In all honesty, prior to my arrival, I knew very little about taiko. I am so pleased that I was able have a logical progression in my study of Japanese drumming and drum crafting. It just worked out so well that I was able to build my way “up:” that is, I first learned about taiko through the students at the university – and thus was able to begin to appreciate the dedication it takes to study taiko. Then, I was able to learn about the instrument itself, while visiting the Asano Taiko factory. Next, I went to Sado Island and got my first taste of Kodo, and began to understand the spiritual relationship between taiko and nature. Lastly, I attended several Kodo performances: as excellent as the Shien (the group from the university) were, simply put, Kodo is the most talented taiko group in the world. I am sure that I would not have appreciated the tremendous level of musicianship of the Kodo performers if I had seen the three shows in October. Albeit I, admittedly, did not plan to have such a logical progression, there was a seamless evolution to my research here in Japan.

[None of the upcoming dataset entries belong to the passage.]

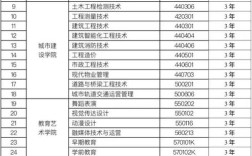 兰州现代职业学院(兰州现代职业学院是中专还是大专)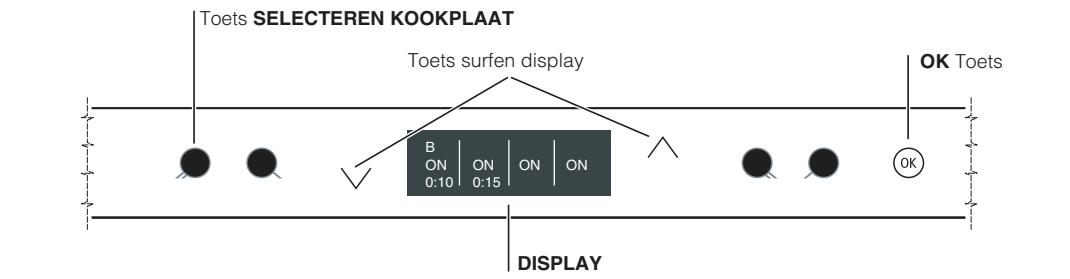 SCHOLTES TIL 642 - Bedieningspaneel - 3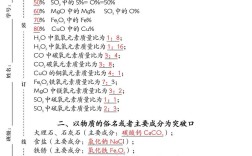 初中化学常识题库有哪些必考知识点？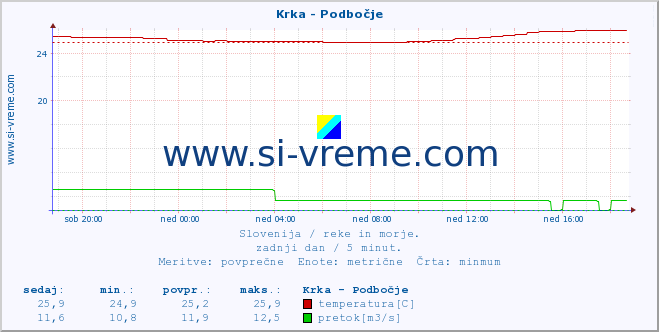 POVPREČJE :: Krka - Podbočje :: temperatura | pretok | višina :: zadnji dan / 5 minut.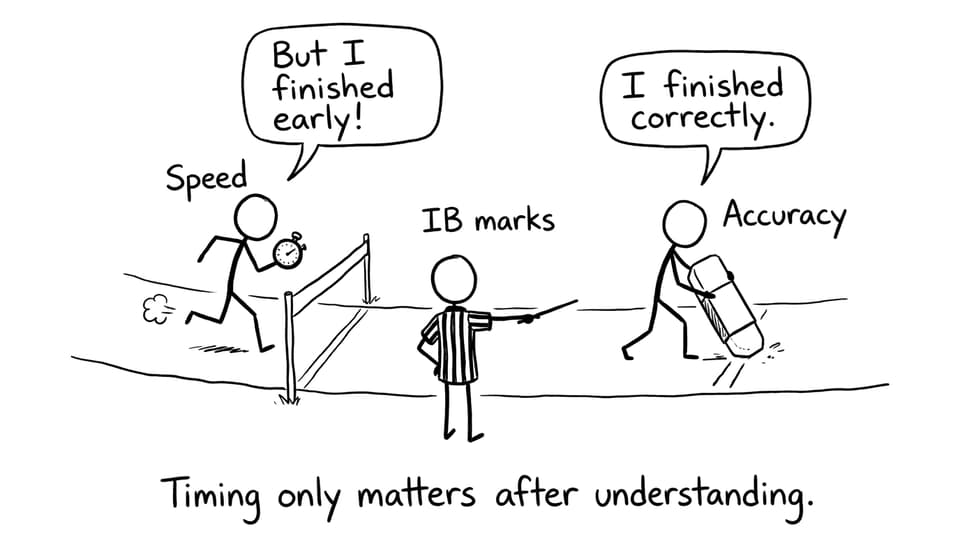 Speed vs Accuracy race judged by IB marks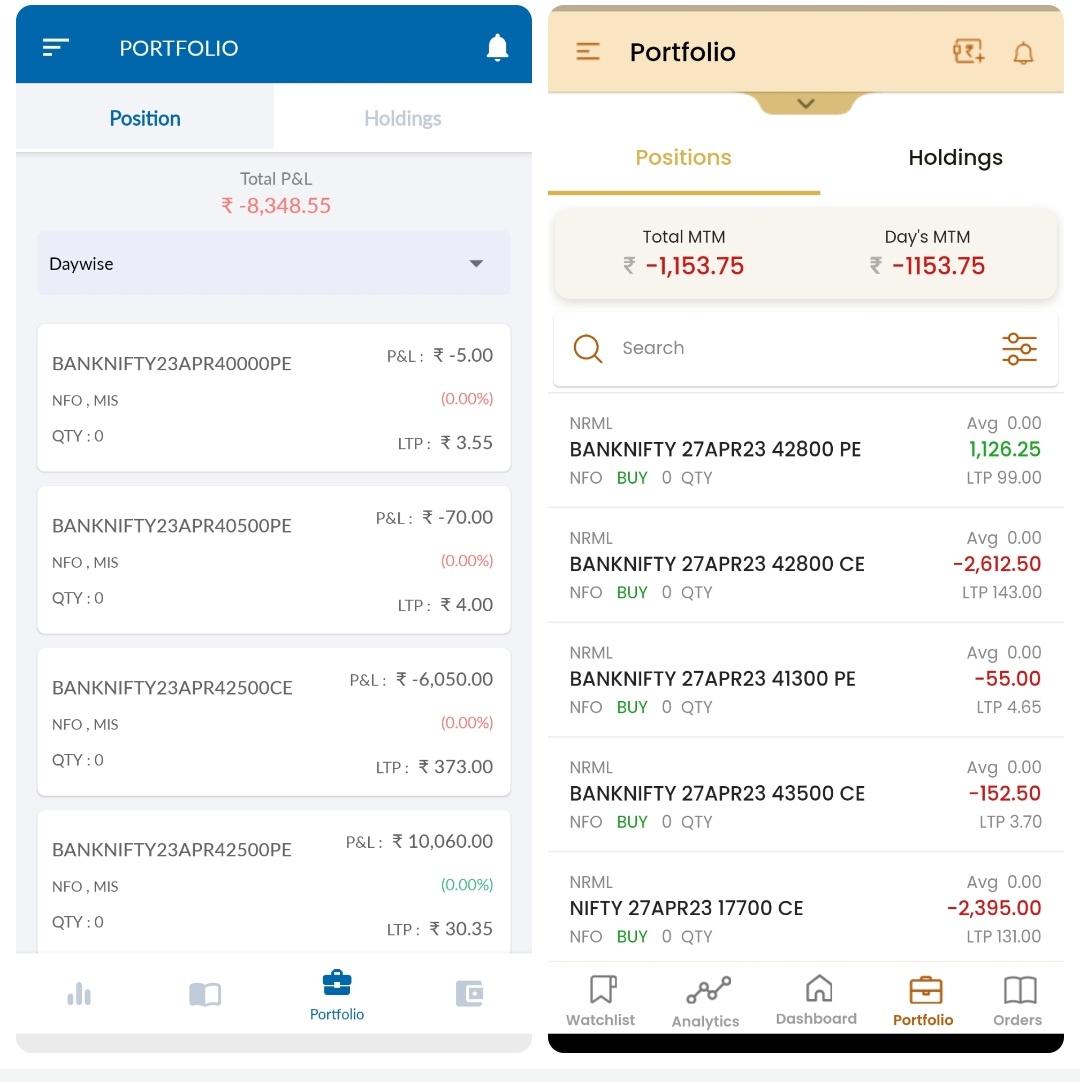 kk__rathi's tweet photo. One Step Forward Two Steps Back The Story of #Lowvix 25/April /2023
Capital deployed : 21 lac
ROI : 🔴( -0.44% ) #Nifty50 #stockmarkets #Niftybank #optionstrading https://t.co/6r9dgDM2TR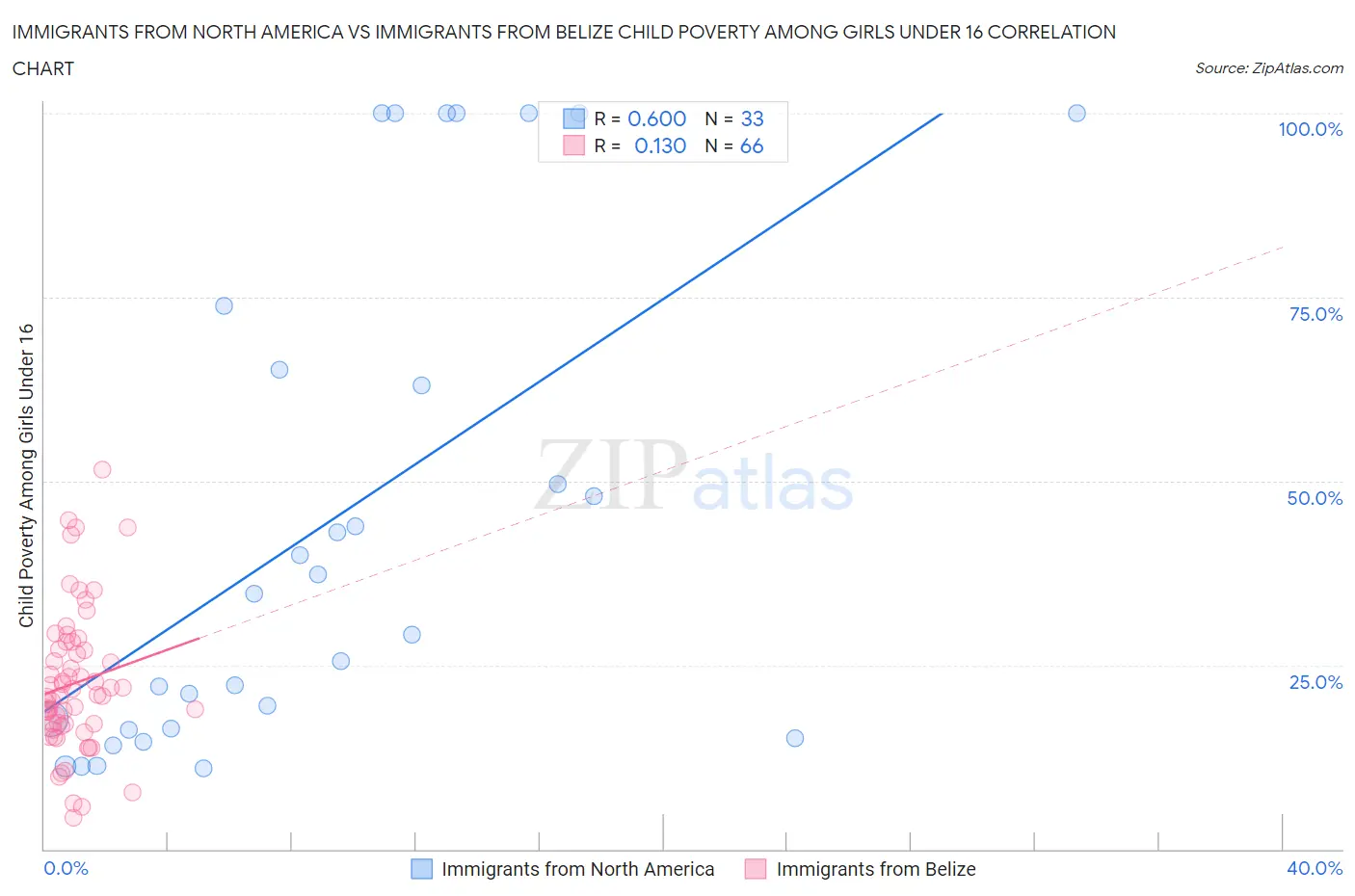Immigrants from North America vs Immigrants from Belize Child Poverty Among Girls Under 16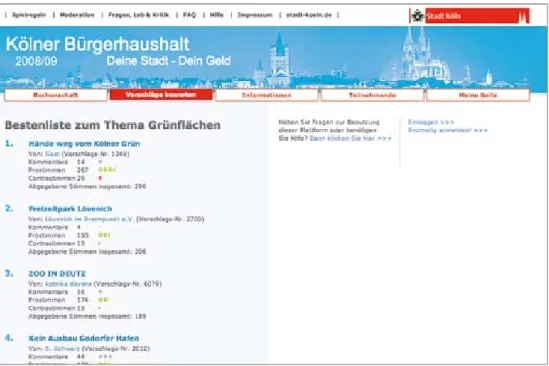 Abbildung 5: Online-Plattform des Bürgerhaushaltes Köln in 2008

(Not to mention that along the way, I also have had other “drum and percussion” experiences, such as the Ainu traditional music concert, the fire festival at the Buddhist temple in Kyoto and the djembe workshop).

Indeed, the initial parameters of this research fellowship sought to focus on the “spiritual essence” of drumming and drum crafting. Of course, the idea of “spirituality” is a very broad and rather ambiguous concept: thus, throughout this year, I have intended to concentrate mostly on the drumming and drum crafting within the religious institution. That being said, during my stay in Japan, I did focus more on the “spiritual essence” of taiko.

Without a doubt, taiko does have a place within Buddhist temples and Shinto shrines; yet, I have learned that in these situations, the drums are more ornamental than essential to the religious service. That is to say, in Fiji and India, for example, the tabla often has an explicit function within the prayers and rituals. In Japan, that tends not to be the case.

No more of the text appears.